HSG-12M: A Large-Scale Benchmark of Spatial Multigraphs from the Energy Spectra of Non-Hermitian Crystals

This paper introduces Poly2Graph, an automated pipeline for generating HSG-12M, a pioneering 16.7-million-scale dataset of spatial multigraphs derived from non-Hermitian crystal energy spectra, which bridges condensed matter physics and geometry-aware graph learning by preserving vital geometric information often discarded in existing benchmarks.

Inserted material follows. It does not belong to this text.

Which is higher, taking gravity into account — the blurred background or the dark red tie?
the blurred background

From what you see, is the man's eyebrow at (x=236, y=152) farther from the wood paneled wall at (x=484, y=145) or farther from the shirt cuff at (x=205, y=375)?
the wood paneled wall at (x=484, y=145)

Xianquan Yan, Hakan Akgün, Kenji Kawaguchi, N. Duane Loh, Ching Hua Lee

Published 2026-03-06
📖 5 min read🧠 Deep dive

Imagine you are trying to understand the "personality" of a complex machine, like a quantum crystal, just by looking at the sounds it makes. In the world of physics, these "sounds" are called energy spectra. For a long time, scientists have known that if you plot these sounds on a map, they form beautiful, intricate shapes—loops, spirals, and tangled webs. These shapes are like fingerprints; they tell you everything about how the machine works, how it conducts electricity, or if it has hidden superpowers.

However, there was a huge problem: No one had a map of these fingerprints.

Until now.

This paper introduces HSG-12M, a massive new library containing 12 million of these energy fingerprints. But it's not just a library; it's a revolution in how we use AI to discover new materials. Here is the simple breakdown:

1. The Problem: The "Manual Drawing" Bottleneck

Imagine you are an art critic trying to study the style of a painter. But instead of a gallery, you have to visit every single artist's studio, watch them paint one stroke at a time, and manually trace their work onto a piece of paper. That is what scientists were doing with these quantum crystals. They had to calculate the energy shapes by hand, one by one. It was slow, tedious, and impossible to do for millions of examples. Without a big dataset, AI (which needs mountains of data to learn) was stuck.

2. The Solution: The "Magic Printer" (Poly2Graph)

The authors built a tool called Poly2Graph. Think of this as a high-speed, automated 3D printer for data.

  • How it works: You feed it the mathematical "recipe" of a crystal (its Hamiltonian).
  • What it does: Instead of a human spending hours drawing, Poly2Graph instantly calculates the energy shape and turns it into a digital graph (a network of dots and lines).
  • The Speed: It is 100,000 times faster than the old methods. It turned a job that would take centuries into a job that took a few days.

3. The Dataset: HSG-12M (The "Library of Fingerprints")

Using this magic printer, the team created HSG-12M.

  • Size: It contains 11.6 million static shapes and 5.1 million shapes that show how the patterns change over time.
  • Diversity: It covers 1,401 different types of crystal recipes.
  • The "Secret Sauce" (Spatial Multigraphs): This is the most important part.
    • Most AI graph datasets are like simple subway maps: "Station A connects to Station B." There is only one line.
    • HSG-12M is like a real city map. Between Station A and Station B, there might be a highway, a bike path, a river, and a train track. All these are different connections between the same two points.
    • In physics, these "multiple paths" carry vital information. If you squish them into a single line (like most AI does), you lose the secret geometry. HSG-12M keeps all the paths separate, preserving the full 3D shape of the data.

4. Why This Matters: The "Reverse Engineering" Dream

Why do we care about 12 million weird shapes? Because of Inverse Design.

  • The Old Way: "I have a crystal. Let me calculate what its energy shape looks like." (Forward problem).
  • The New Way (AI): "I want a material that does this specific thing (like conducting electricity with zero resistance). What should the crystal look like?"
    • With HSG-12M, you can show an AI a desired shape (a fingerprint) and ask, "Which crystal recipe makes this?"
    • The AI can then suggest a shortlist of materials for scientists to build. This could lead to super-fast computers, better solar panels, or new medical sensors.

5. The "Universal Translator"

The paper also makes a fascinating claim: Everything is a graph.
The authors show that you can turn not just crystals, but also matrices (math grids) and polynomials (equations) into these same energy fingerprints.

  • Imagine a universal translator that turns a complex math equation into a picture of a tangled knot.
  • If you can turn any math problem into a graph, you can use the same AI tools to solve problems in physics, chemistry, and pure mathematics.

Summary Analogy

Think of the universe as a giant library of books (materials).

  • Before: Scientists could only read a few pages of a few books by hand.
  • Poly2Graph: A robot that instantly reads every book and draws a picture of its story.
  • HSG-12M: A massive gallery of 12 million of these drawings, organized by genre.
  • The Result: Now, if you want to write a story about a "super-material," you can look at the gallery, find the perfect picture, and tell the robot, "Build me the book that matches this picture."

This paper provides the data, the tool, and the theory to finally let AI help us design the materials of the future.